PROBLEM REQUIREMENTS: When you write out the listing, keep each word exactly as it stands but include none of its images.

MATERIAL TO PROCESS:
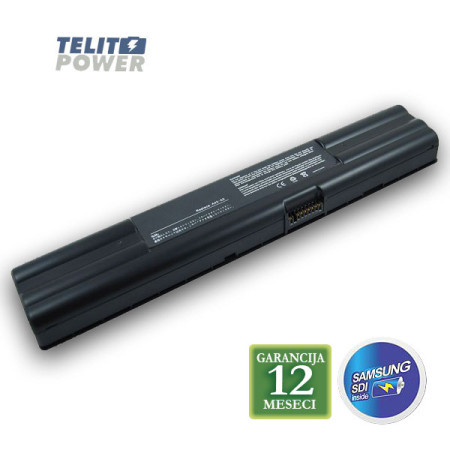 Baterija za laptop ASUS A42-A2 AS2000LH ( 0405 )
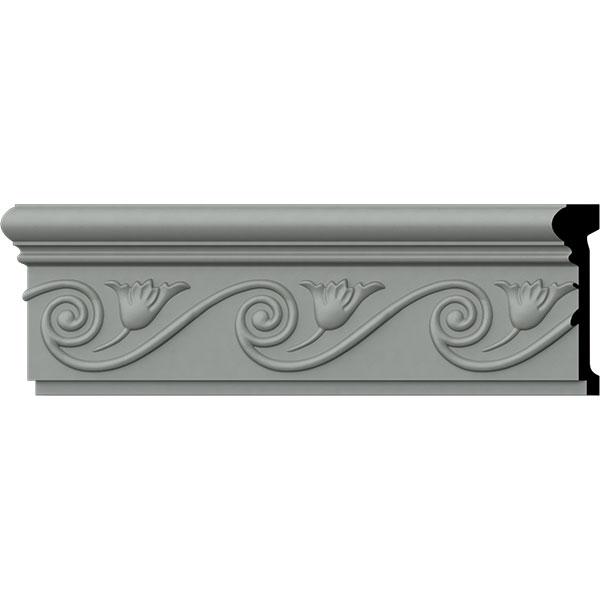 Ekena Millwork SAMPLE-MLD06X01FL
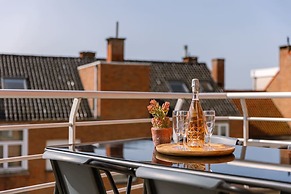 Apartment Near the Beach With Terace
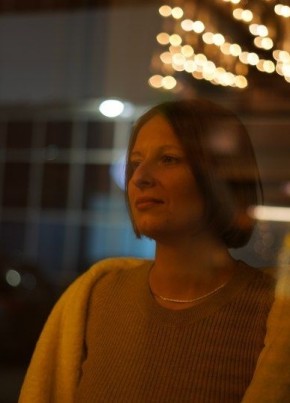 Татьяна, 33, Россия, Волгодонск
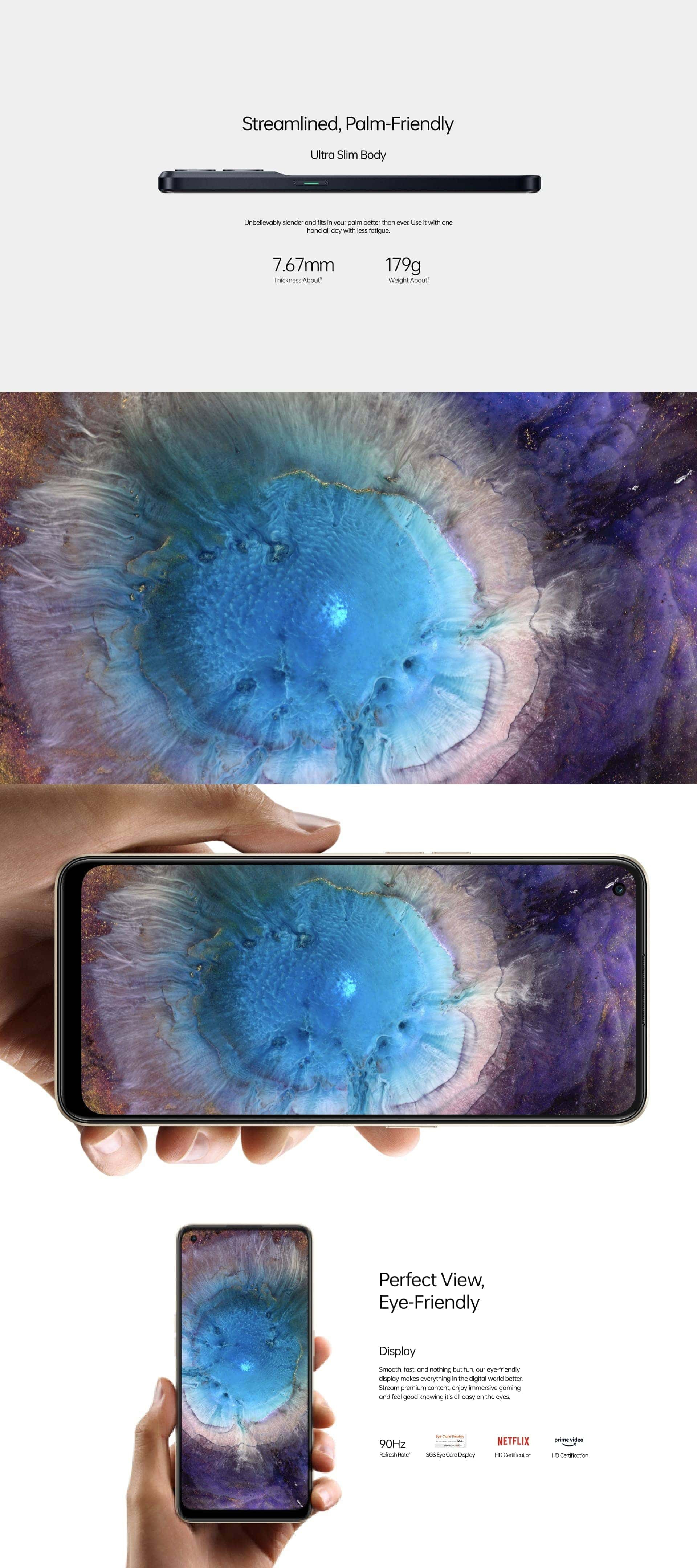 OPPO Reno8 5G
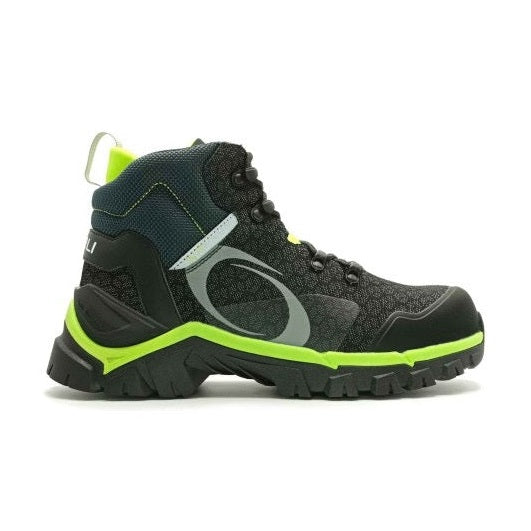 Bota de seguridad FOCOLORADO S3S CI HI HRO FO SR ESD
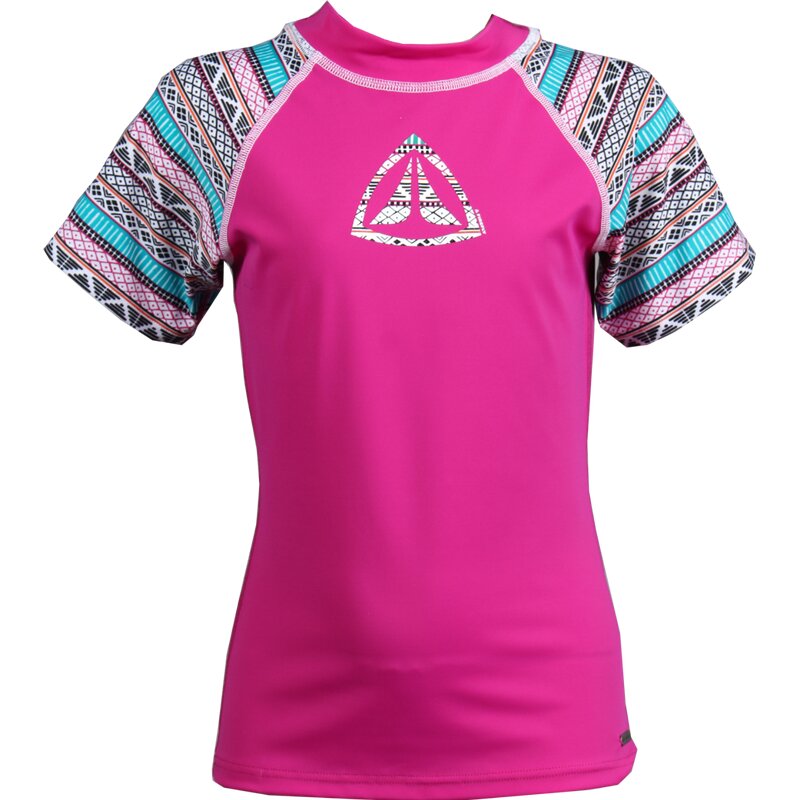 

Рубашка Софи Firefly, мультиколор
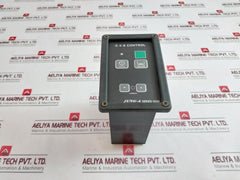 Jung-a Marine Jacms-500 Motor Controller
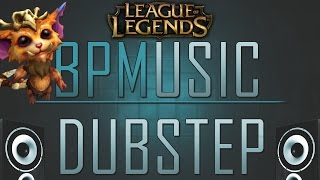 League Of Legends - Punyaso Feat Grim - GNAR Remix - BPMusicHD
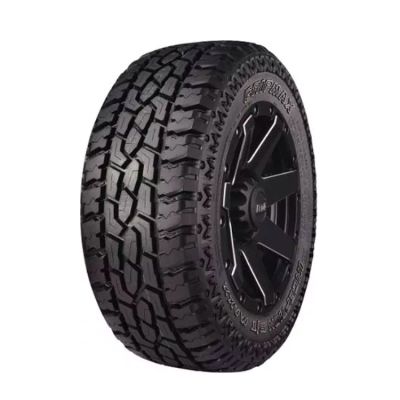 GRIPMAX MUD RAGE R/T MAX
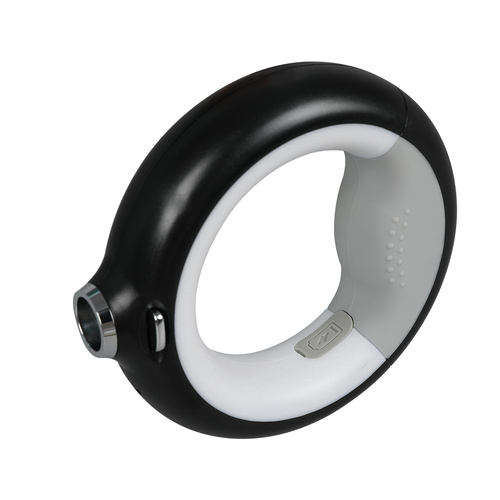 LED Dog Leash Lead Walking Rope Black - Model-15C2AD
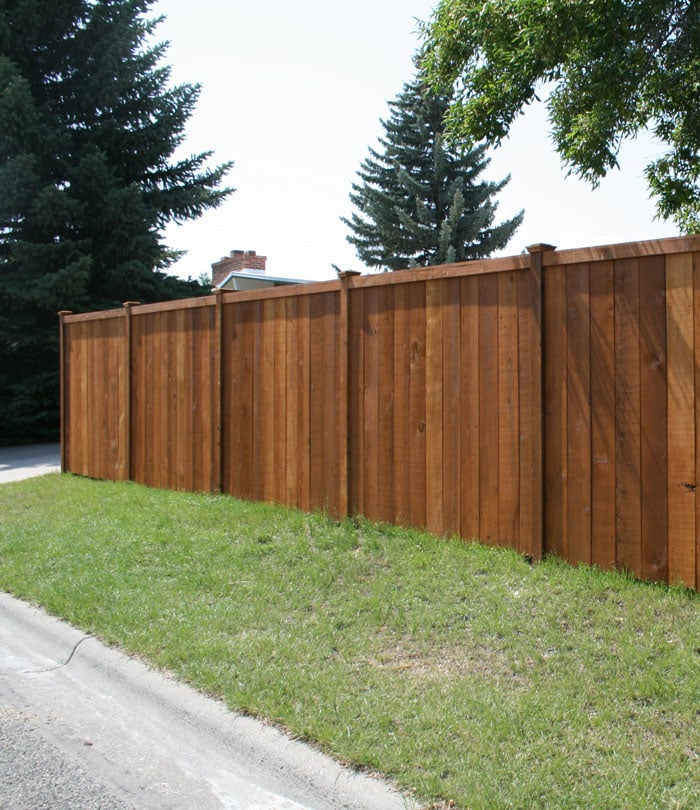 Fence Building & Contracting Montana 6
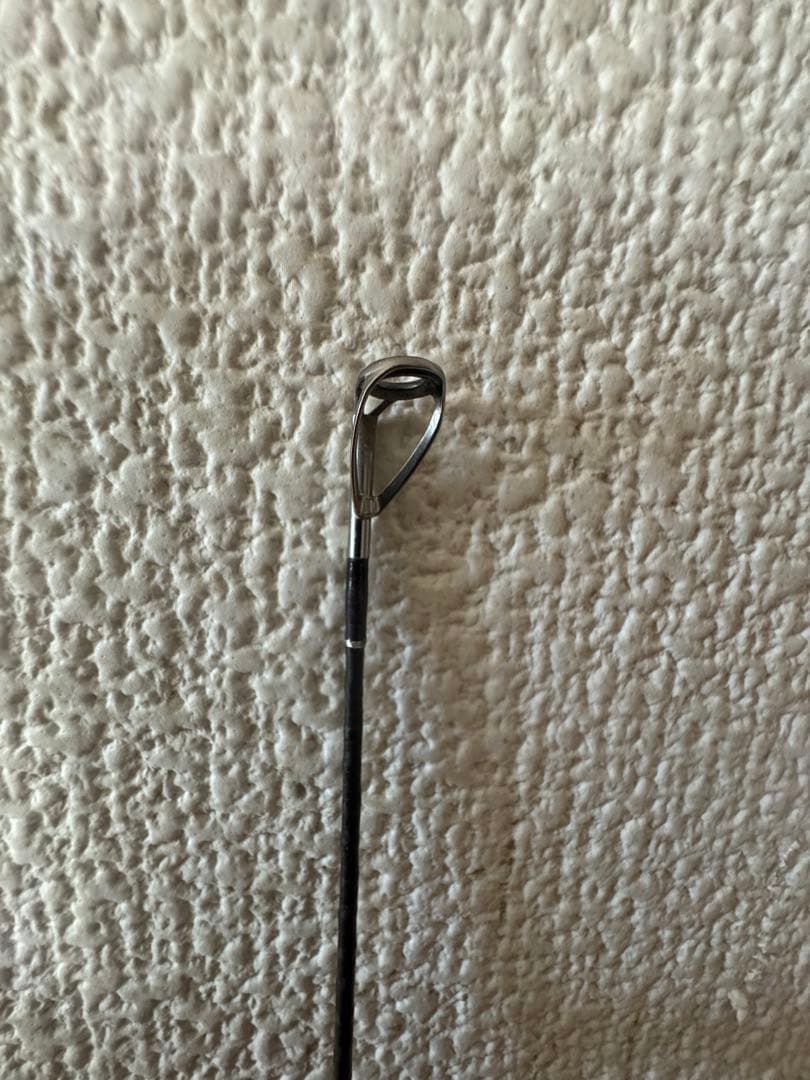 ブライトリバー QUATRE II バスロッド モデル2573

TASK OUTPUT:
 Baterija za laptop ASUS A42-A2 AS2000LH ( 0405 )
 Ekena Millwork SAMPLE-MLD06X01FL
 Apartment Near the Beach With Terace
 Татьяна, 33, Россия, Волгодонск
 OPPO Reno8 5G
 Bota de seguridad FOCOLORADO S3S CI HI HRO FO SR ESD

Рубашка Софи Firefly, мультиколор
 Jung-a Marine Jacms-500 Motor Controller
 League Of Legends - Punyaso Feat Grim - GNAR Remix - BPMusicHD
 GRIPMAX MUD RAGE R/T MAX
 LED Dog Leash Lead Walking Rope Black - Model-15C2AD
 Fence Building & Contracting Montana 6
 ブライトリバー QUATRE II バスロッド モデル2573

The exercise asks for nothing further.